Postpartum sex: How does it feel like?
Even if your pregnancy, labour and delivery went without a hitch, your body needs time to repair because you just brought a new life into the world. The numerous discomforts associated with sex might also be attributed to low oestrogen levels after pregnancy and during lactation.
Every woman has a unique set of postpartum sex experiences, which are many. However, you might encounter:
- Pain or discomfort in the vagina
- Vaginal dryness
- Discharge
- Nipple pain and discomfort in the breasts
- Overall achiness and backaches
- Joint ache
- Pain or numbness around the incision (if you've had a C-section)
These discomforts are typically only short-lived for women, and as your body heals, you should start to feel more like yourself. But if you have any symptoms that worry you, especially if you have painful sex that doesn't get better, bleeding after sex, or pass very large blood clots, let your doctor know.

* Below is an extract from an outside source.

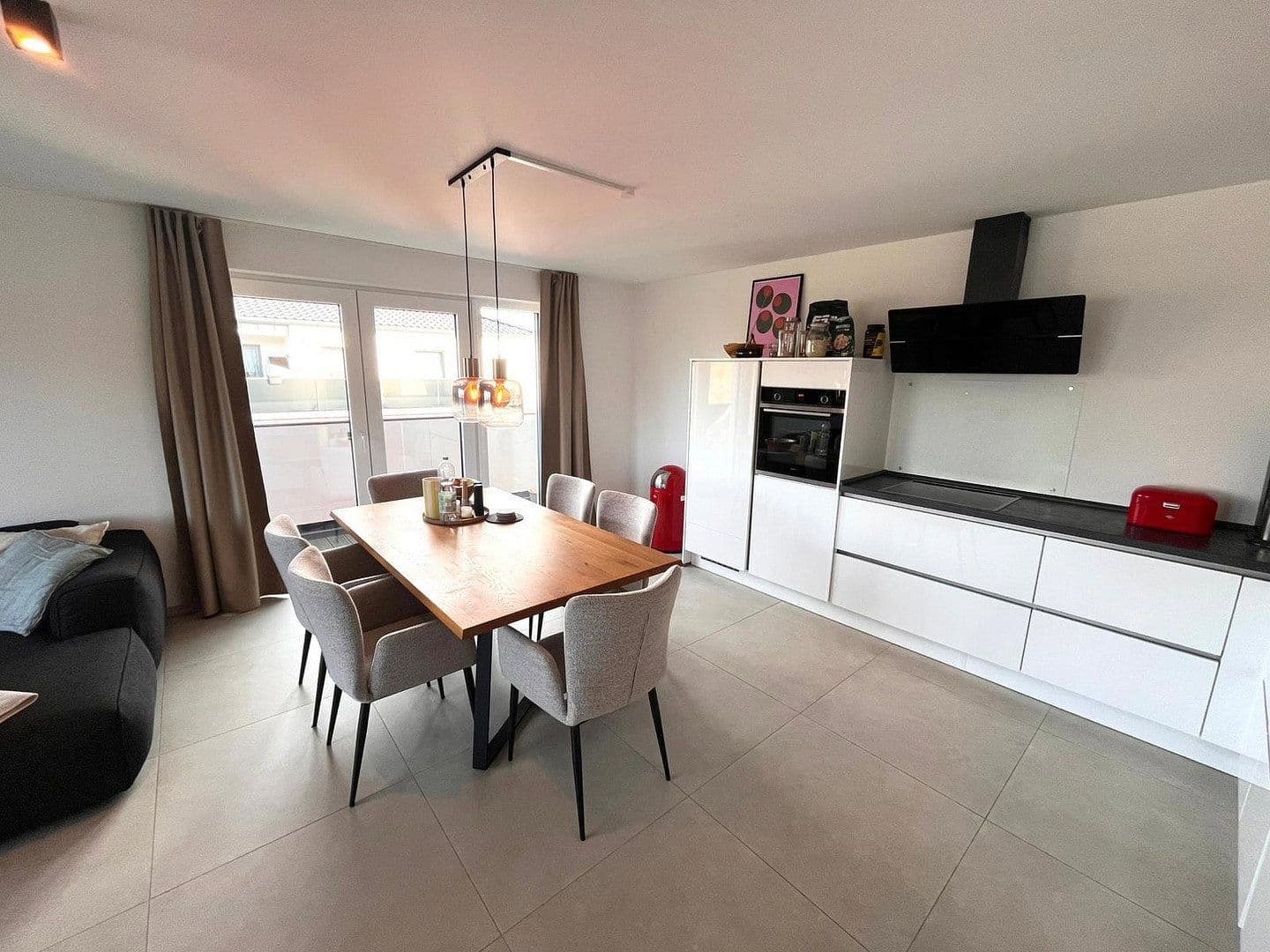 Prenájom bytu 3-izbový 93 m², Nideggen, Severné Porýnie - Westfálsko Prenájom bytu 3-izbový 93 m², Nideggen, Severné Porýnie - Westfálsko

After having birth, it's also quite common (and understandable) to feel worn out, overburdened, or have low libido. If you find that you're not ready for sex as soon as you thought you may be, be kind to yourself and give yourself permission to wait or proceed gently.
How long after giving Birth can I have sex?
Although the American College of Obstetricians and Gynaecologists (ACOG) states that there is no defined period of time after childbirth when a woman can begin having sex, many doctors advise delaying it for four to six weeks.
Whatever method you used to give delivery, your body is healing now:
- If you had a vaginal birth, you might have suffered an episiotomy or a perineal tear that is currently mending. If so, having sex less than four weeks after giving birth could make you vulnerable to a vaginal infection.
- If you had a C-section, the same postpartum sex advice still holds true, but recovery may be a little slower for many mothers. After the treatment, your doctor might advise waiting at least four weeks before starting up your sexual life again. It is especially crucial to seek your doctor's approval during your postpartum appointment because your incision takes time to heal.
You can feel that it takes longer than six weeks to feel comfortable having sex again because every woman is different. There are a few things to think about, though, if you want to get back in bed sooner.
First, while waiting longer gives your body time to heal, the risk of developing a problem after birth is highest in the first two weeks. Additionally, you need to receive approval from your doctor, who you’ll probably visit for your first postpartum appointment three weeks after giving birth (and again around the 12-week mark). Before you start having sex again, they'll want to make sure any postpartum bleeding has ceased.
The final word? There is no set guideline, and as long as your practitioner has given the go-ahead, you can start having sex again whenever you feel ready and secure.
Best sex positions to try after giving birth
Unless your doctor advises against it, most mums can start having sex again as early as a month after having a vaginal delivery. For post-CS mums, the wait may be longer.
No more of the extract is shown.